Some people, in an effort to avoid probate, choose to add their children to the title of their property, such as real estate or vehicles. This can work in some situations, but depending on the circumstances, it may cause more problems than its worth. Understanding the different types of property ownership, as well as the consequences, will allow you to make a better decision about which type of ownership will accomplish your goals in estate planning.
Types of Ownership in Real Estate
The term “joint tenancy” is used to describe the situation where two or more people have a common ownership interest in the same real estate. All joint owners have the same rights to the property, as well as the same obligations, while they are living. As joint tenants are considered owners of the property, they all have to consent to the sale or mortgage of that real estate.
When one of the joint owners dies, the surviving owners will automatically inherit the property interest of the deceased owner. Property that is held in joint tenancy is not required to go through probate proceedings when a joint owner dies. The title belonging to the deceased is simply transferred by executing and recording an “affidavit of survivorship.”
Joint Tenancy in Los Angeles: Issues to Consider
Joint tenancy results in multiple decision makers.

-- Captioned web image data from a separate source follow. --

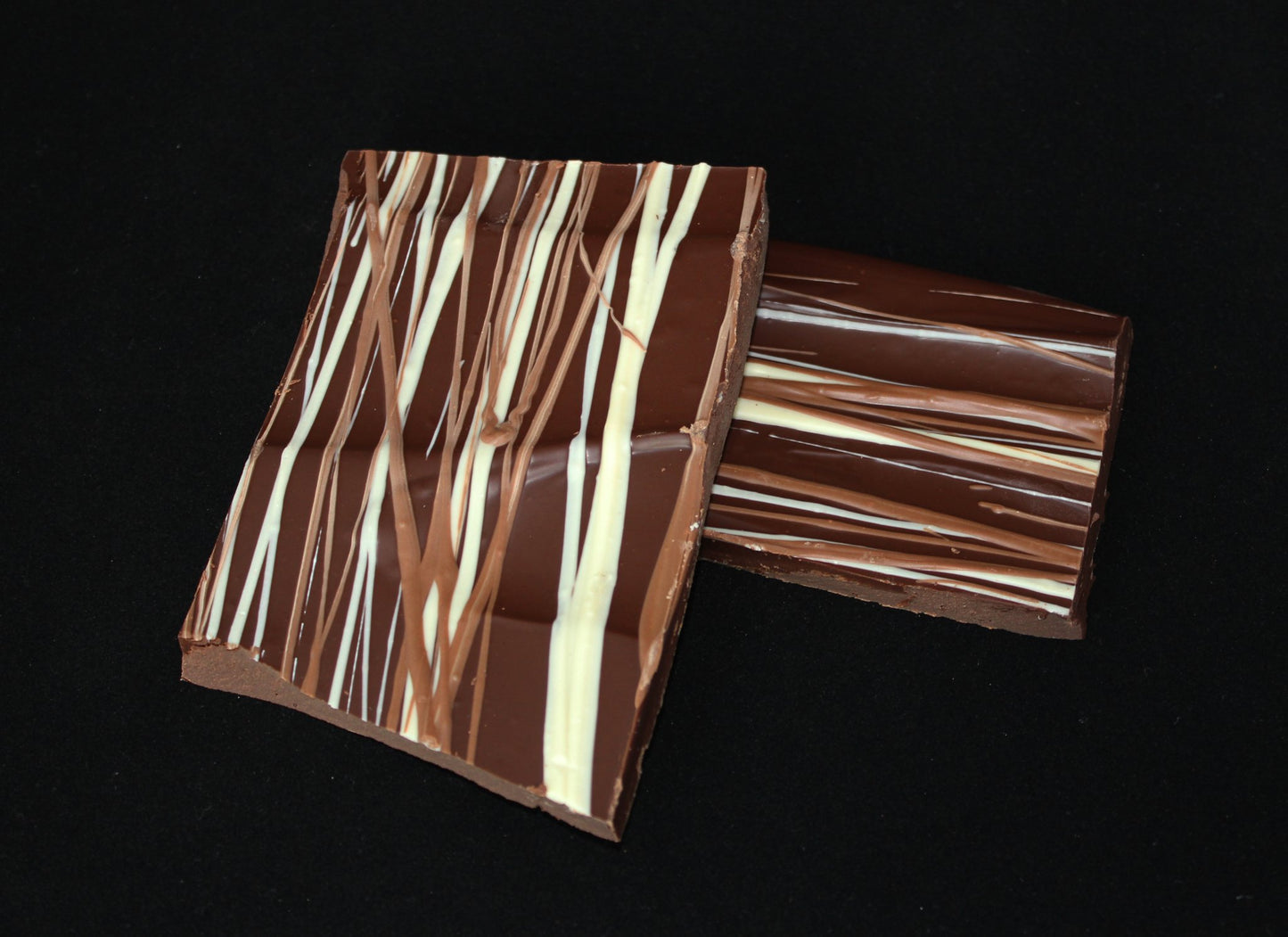 volle chocolade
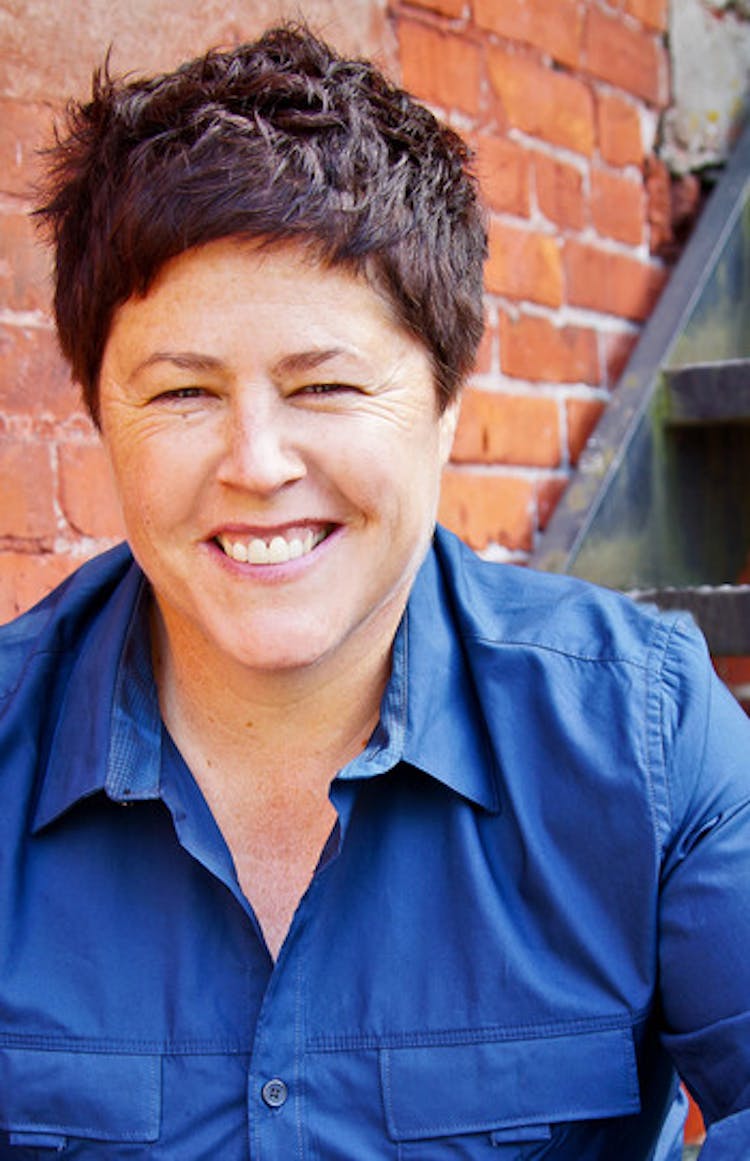 Lori McNulty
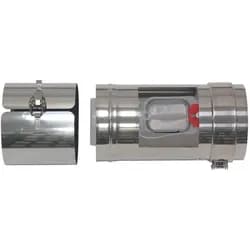 Vaillant Revisionsstück 80/125mm 0020042759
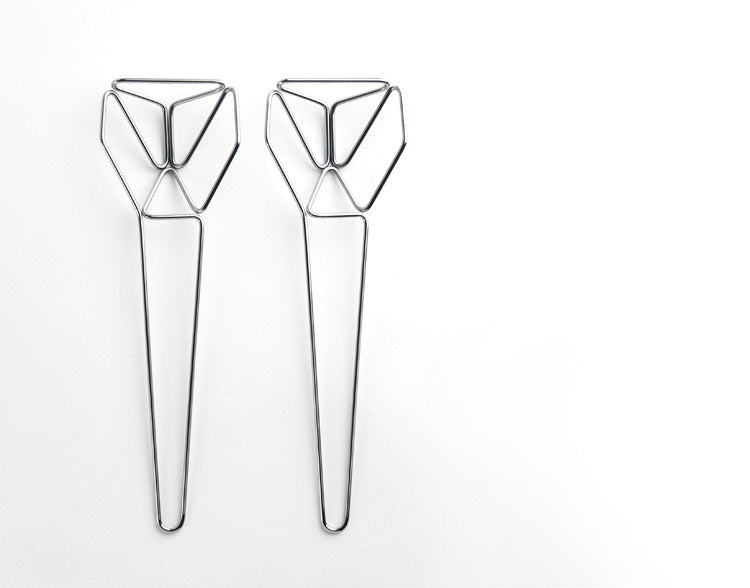 PASS ME THE SALT - CERTAINLY - SERAFINO ZANI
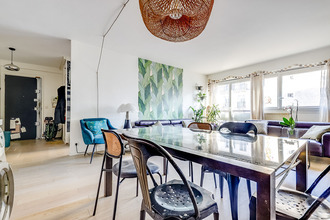 Ma-Cabane - Vente Appartement PARIS 20, 97 m²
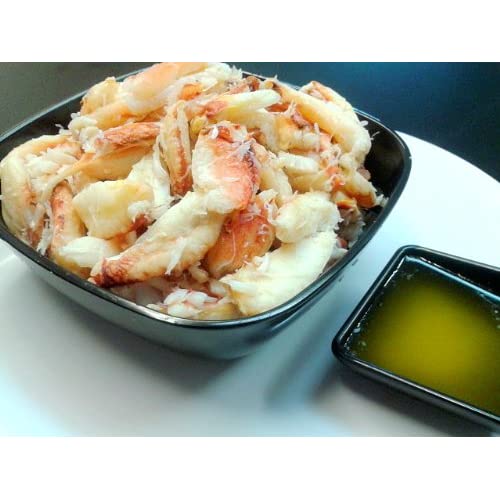 Order Crab Meat Delight food online from Jade Garden store, Portage on bringmethat.com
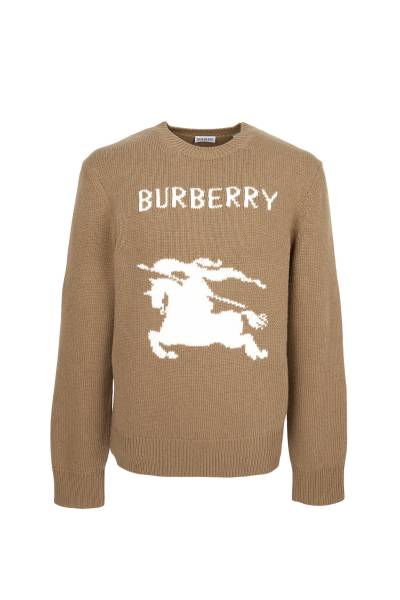 버버리(BURBERRY) EKD 남성 니트 8115642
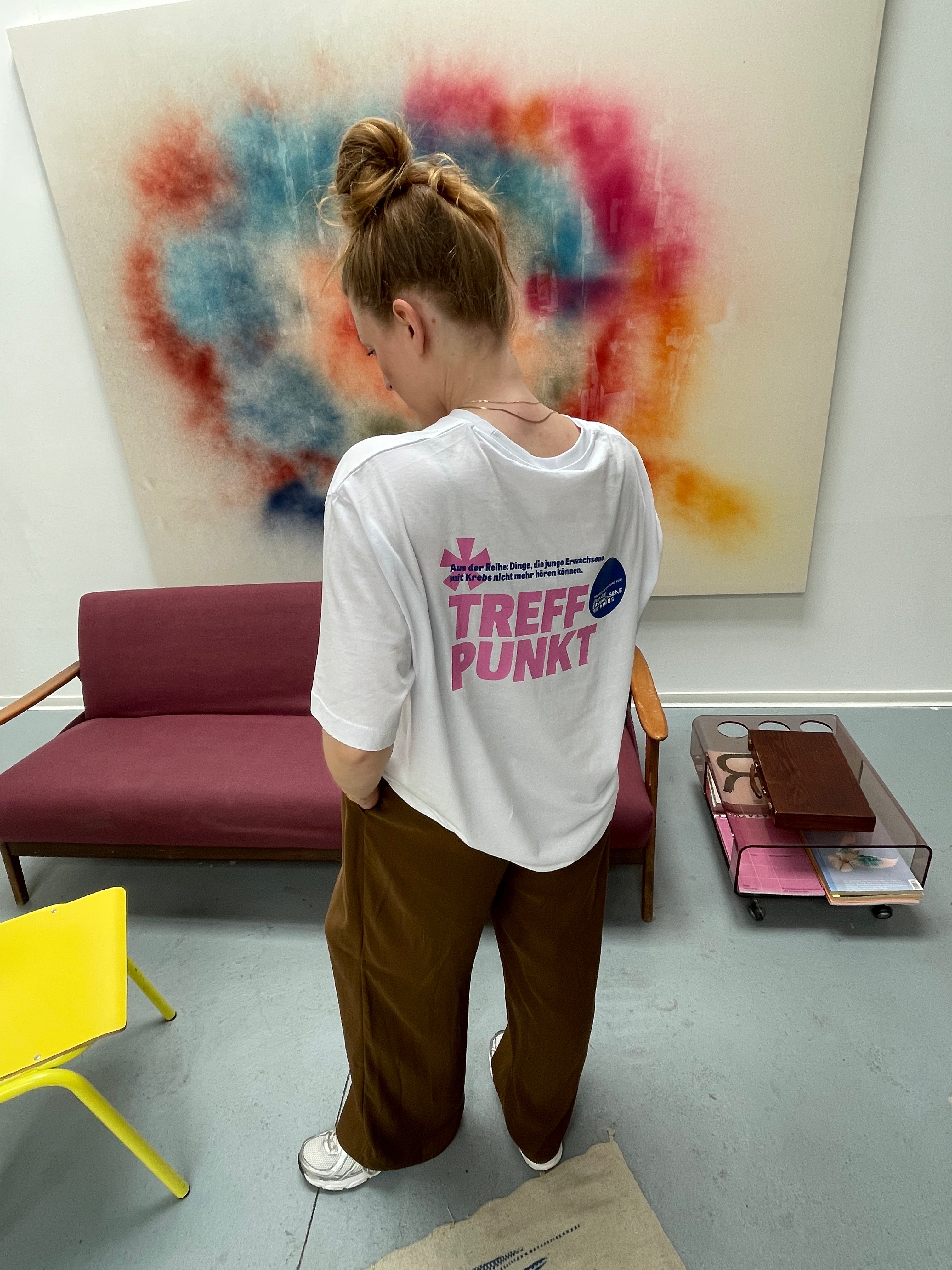 Jubiläumsshirt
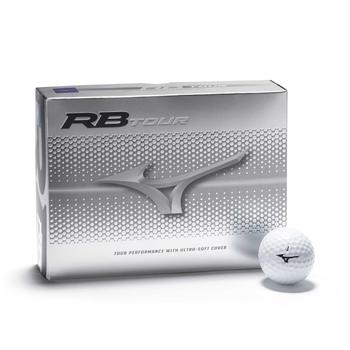 Mizuno RB Tour Golf Balls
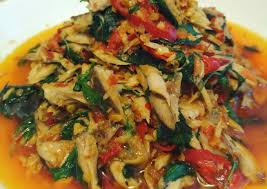 Resep Tongkol Suwir Daun Kemangi Oleh Miya Mikayla Resep Resep Masakan Makanan Dan Minuman Resep Makan Malam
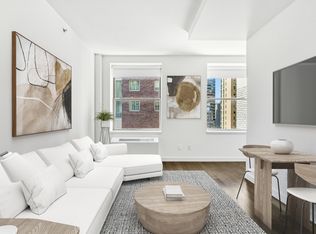 116 John St APT 3206, New York, NY 10038
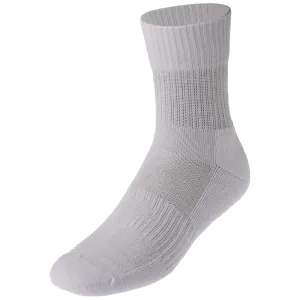 Medias Blancas Comfy Sportfitness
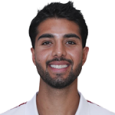 Mauricio André Isaís
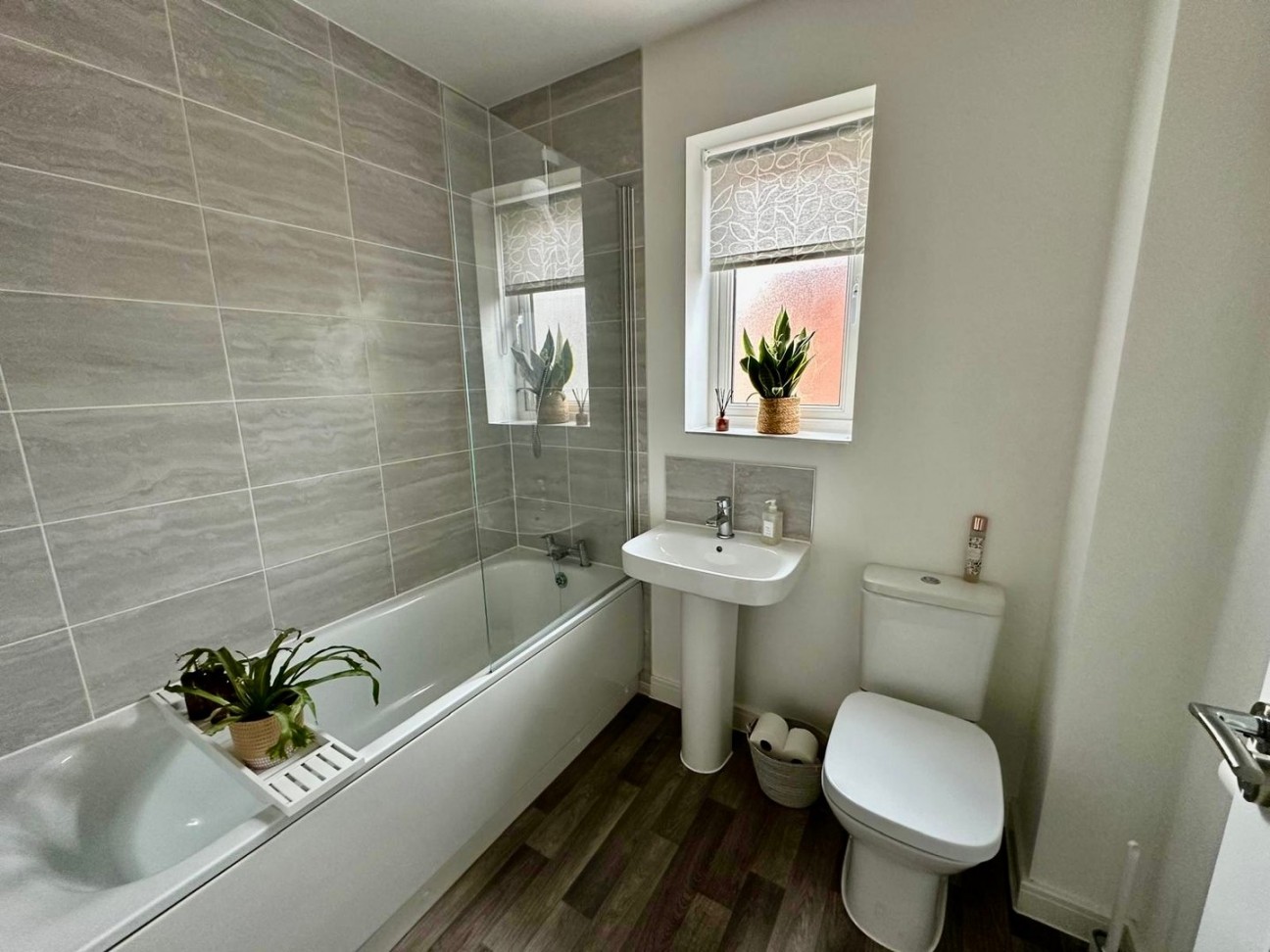 Midway, Swadlincote, Derbyshire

If you choose to include your child as a joint tenant, for example, of your home, you no longer own that property alone. That means, you no longer have the sole right or authority to make decisions about the home. If you decide to sell or mortgage the home, you must now obtain the consent of your child before you can do so. All owners of property owned in joint tenancy are required to sign any mortgage or deed for the property. Your child would also be entitled to weigh in on decisions to repair the home or make improvements.
Your child would also become equally obligated to pay for expenses relating to the property. When there are multiple owners and decision makers, they may not always agree on the repairs that need to be made or whether the cost for those expenses is reasonable. These are all issues that should be considered before deciding to add a joint tenant.
No control over the joint tenant’s share.
Just as the joint tenant has a right to make decisions about the property as a whole, he or she also has the right to sell or transfer their own interest in the property at any time, to anyone they choose. For instance, if your child begins experiencing financial difficulty, he or she may sell his share of the property to pay debts. More importantly, problems will arise if a joint tenant files bankruptcy and the property is not that tenant’s homestead. The property would not be exempt from the joint tenant’s creditors. This situation would have a significant impact on the ownership rights of the other joint tenants.
In light of some of the consequences of joint tenancy ownership, it is a good idea to discuss alternative estate planning tools with an estate planning attorney. An attorney can discuss various options and determine the estate planning tools that are best for your specific situation.